On an episode of the Montel Williams Show in 2004, self-proclaimed psychic medium Sylvia Browne looked into the face of Louwana Miller and told the mother of a missing daughter, "she's not alive, honey." A year later Louwana, having given up hope of ever seeing her daughter again, died of heart failure. Friends said she died of a broken heart over the loss. And then her daughter, Amanda Berry, one of three missing girls, escaped her captors after ten years held hostage.
It's happened before, though tragically rare as a lightening strike on a clear day, that a missing child returns to their family alive. Rare enough that Sylvia Browne has felt confident when facing a terrified parent to take a statistically safe shot at affirming the worst. But it's not so rare that she hasn't been absolutely 100% wrong more than once.
Sylvia Browne has built a career out of convincing people who already believe in the paranormal that she is a "vessel from God," but like most hucksters, con-artists, and mountebanks, she likely has come to believe her own deception. However not enough to submit herself to any objective test of her ability.
For years magician and professional skeptic James Randi has offered a $1 million cash prize for anyone able to demonstrate a paranormal or supernatural ability. It's up to claimants to design their own test and decide how best to go about it so long as it's carried out under proper observing conditions. Sylvia herself once agreed to take the test during an appearance opposite Randi on Larry King Live. Needless to say, there has been no further discussion on her end.

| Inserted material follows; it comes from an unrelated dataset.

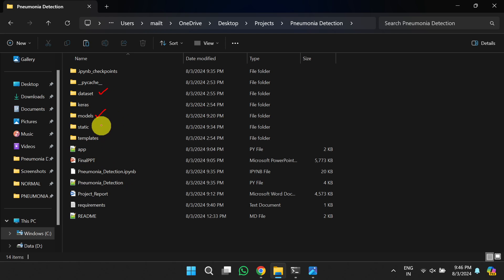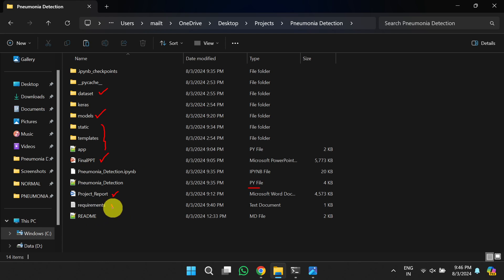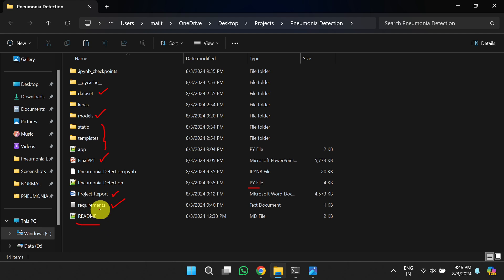The static folder and app are related to the frontend, which is designed using the Flask library. You will also get the PowerPoint presentation as well as the complete report. The source code is present in both versions: IPython notebook as well as a .py file. The requirements file contains all the required libraries to execute this project, and the very important README file contains instructions to set up and execute the project.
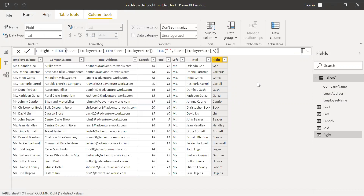This is how you can use text functions to manipulate columns and get the result according to your requirement. Hope this video was helpful. If you like this video, give me a thumbs up. If you do not like the video, you can still leave a constructive comment so that it will help me improve for my upcoming videos. Thanks for watching. Have a great day.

It comes down to this, if we discovered a human being with a genuine psychic ability they would be the single most important person in history. This would be an individual who at the very least would be an adviser to the United Nations, one who would need to be protected from every religious leader who would bid for his or her services.
This person would focus instead on helping us answer the most difficult moral and scientific questions in everything from alleviating human suffering to understanding quantum mechanics. They would be far bigger than Dr. Manhattan from The Watchmen and that's just if they used their ability only for good.
Louwana Miller died a year after Sylvia Browne told her more or less to
give up all hope of ever seeing her daughter alive again.
A genuine psychic human being would not be sequestered in dark parlors reading palms or holding seances, nor dishing about celebrity break-ups on daytime talk-shows. And to the parents of a missing child, so gripped by terror and desperation that they'll try anything, they would not so dismissively, to quote Penn Jillette, "piss all over them for a buck and fifteen minutes of unearned fame."